Portrait fantasque du réalisateur de Citizen Kane, la bande dessinée revient notamment sur les difficultés que rencontra Welles à terminer son film De l’autre côté du vent.
En 2018, Netflix frappe un grand coup en sortant un film inédit d’Orson Welles, un film maudit, De l’autre côté du vent. Projet pharaonique ayant occupé de nombreuses années le réalisateur, le film rencontra de nombreux soucis de financement et de montage. Si bien que Peter Bogdanovitch, qui avait passé énormément de temps avec Welles pour son livre This is Orson Welles (DeCapo Press, 1998), s’en était vu confier la mission d’en terminer le montage. Le roman graphique de Youssef Daoudi, Orson. Welles, l’artiste et son ombre revient grandement sur la gestation de De l’autre côté du vent, servant de fil rouge au déroulé de la vie d’Orson Welles.
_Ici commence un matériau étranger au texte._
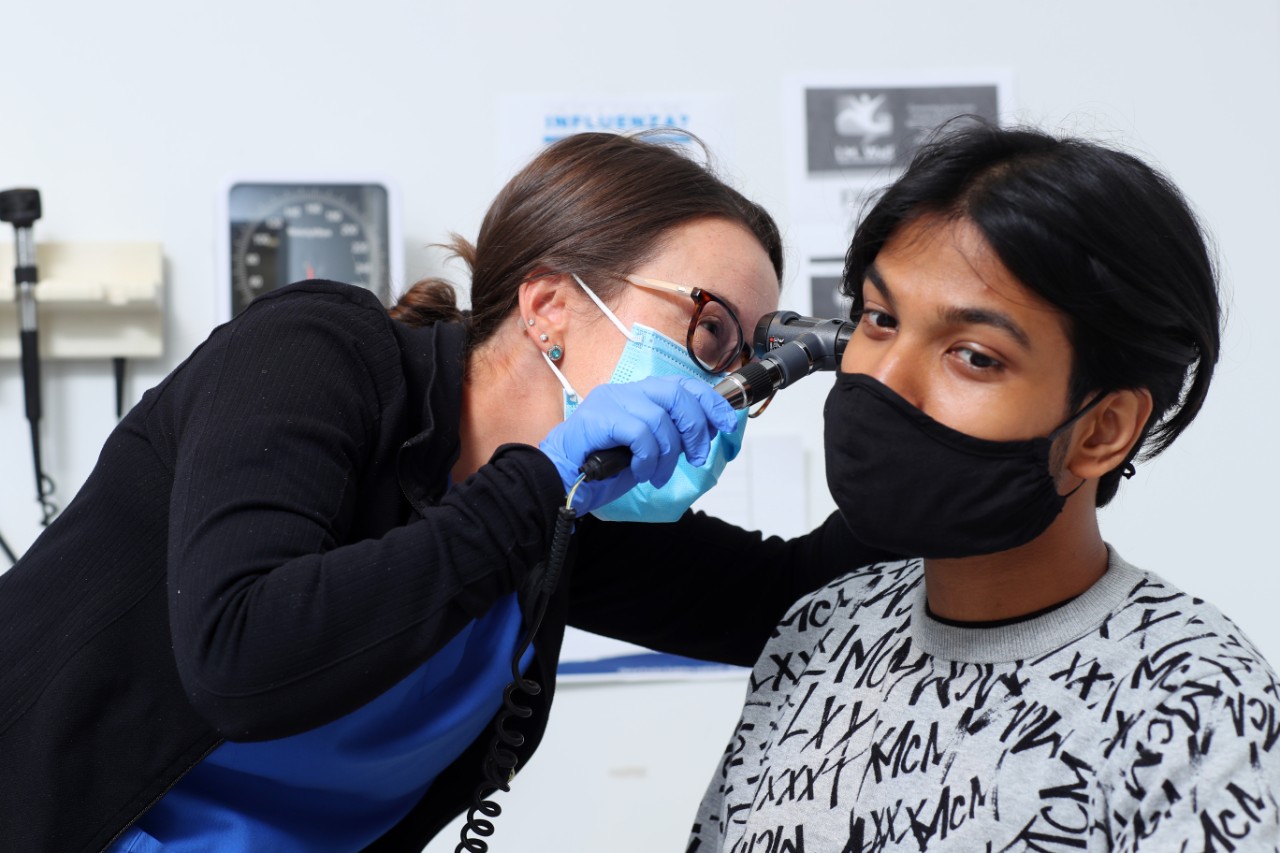 Student getting their ears checked by a nurse at the health clinic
La bande dessinée revient sur le parcours iconoclaste de cet homme qui déclarait : « J’ai eu un pot comme jamais personne dans l’histoire du cinéma, et puis j’ai eu la pire poisse du monde pour avoir eu le meilleur pot dans tout l’histoire du cinéma. » Réalisé à vingt-trois ans, Citizen Kane, son premier film, sorti en 1941, marque l’histoire du cinéma, suivi de peu par un autre chef-d’œuvre, La Splendeur des Amberson (1942). À partir de là, Welles va être pris d’une forme d’hubris, menant de constantes batailles avec ses producteurs pour bénéficier de la final cut (le montage final d’un film), et partira de nombreuses fois à la recherche de financements. La bande dessinée revient sur l’ego démesuré du bonhomme (construit dès son enfance), son appétit gargantuesque (on ne compte pas les scènes où on le voit manger), ses diverses apparitions pour récolter des fonds (nombreuses publicités, petits rôles dans de nombreux films à droite à gauche, etc.). Et bien sûr, Orson revient sur toutes les théories de Welles sur le Septième art : du cadrage au son en passant par le montage (« La notion de mise en scène au cinéma est une pure invention des critiques. Toute l’éloquence du cinéma est accomplie dans la salle de montage ; et c’est le seul endroit où on peut avoir quelque contrôle sur un film. »).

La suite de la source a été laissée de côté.